The General Assembly, the State Board of Education, and the State Superintendent of Public Instruction are the education power brokers at the state level. Below them are the local boards of education. The state constitution and general statute have a lot to say about all of these roles and what powers they have. 

This is what the state constitution says in Article 2, Section 20: The Powers of the General Assembly. 

“Each house shall be judge of the qualifications and elections of its own members, shall sit upon its own adjournment from day to day, and shall prepare bills to be enacted into laws.  The two houses may jointly adjourn to any future day or other place. Either house may, of its own motion, adjourn for a period not in excess of three days.”

The constitution then goes on to lay out more information related to bills, including how vetoes work. 

Governors in North Carolina couldn’t veto bills until 1996 when the state voted for a constitutional amendment granting him or her that ability. The veto power is now enshrined in the constitution, but there are exceptions. Here is a screen shot of the whole section on bill actions in the constitution, including the rules for vetoes and bills exempt from vetoes:

Screen shots from NC Constitution on General Assembly website. Alex Granados/EducationNC

What about the State Board of Education? Their power is laid out in Article Nine, section 5. It states: 

“The State Board of Education shall supervise and administer the free public school system and the educational funds provided for its support, except the funds mentioned in Section 7 of this Article, and shall make all needed rules and regulations in relation thereto, subject to laws enacted by the General Assembly.”

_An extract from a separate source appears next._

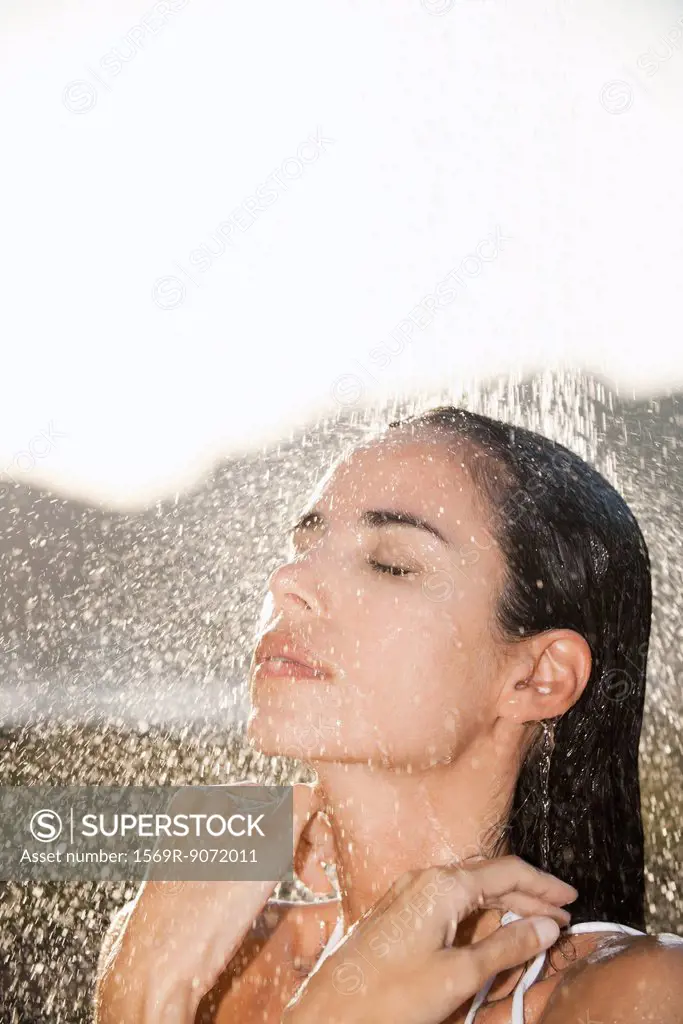 Mid_adult woman enjoying shower outdoors with eyes closed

Section four lays out who should be on the State Board and also explains the roles of the state superintendent of public instruction this way: 

“The Superintendent of Public Instruction shall be the secretary and chief administrative officer of the State Board of Education.”

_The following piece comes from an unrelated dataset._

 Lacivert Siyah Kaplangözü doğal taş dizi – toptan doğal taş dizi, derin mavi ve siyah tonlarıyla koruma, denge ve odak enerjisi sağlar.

So that’s what the constitution says, but state statute, created by acts of the General Assembly, lays out the process in much more detail. 

Chapter 115c-12 of the state statute on elementary and secondary education lays out further the  “Powers and duties of the Board generally.” It is long. You can find it here. 

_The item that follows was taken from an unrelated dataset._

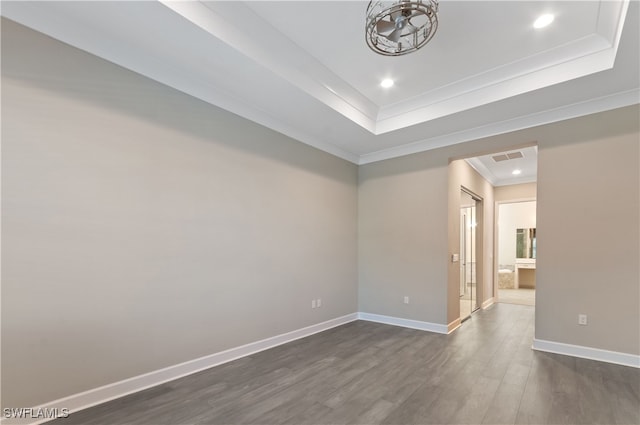 spare room featuring a raised ceiling, crown molding, and dark wood-type flooring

Following that is a section on the state Department of Public Instruction (DPI) and more information about the role of the state superintendent including powers and duties. The powers and duties of the state superintendent are in section 115c-21. 

Legislation in 2016 transferred some of the powers previously held by the State Board of Education to the state superintendent. Among other things, the legislation and resulting court case clarified that the superintendent is the head of DPI, rather than the State Board. The state Superintendent was also given direct control “over all matters relating to the direct supervision and administration of the public school system.” Prior to lawmakers’ action, many of the superintendent’s powers were delegated by the State Board. The State Board sued over the changes, but the state Supreme Court ultimately found in favor of then-superintendent Mark Johnson.

Shortly after the section on the state superintendent in the state statutes, there is a section with information on the role of local boards of education. Chapter  115C-47 lays out their powers and duties.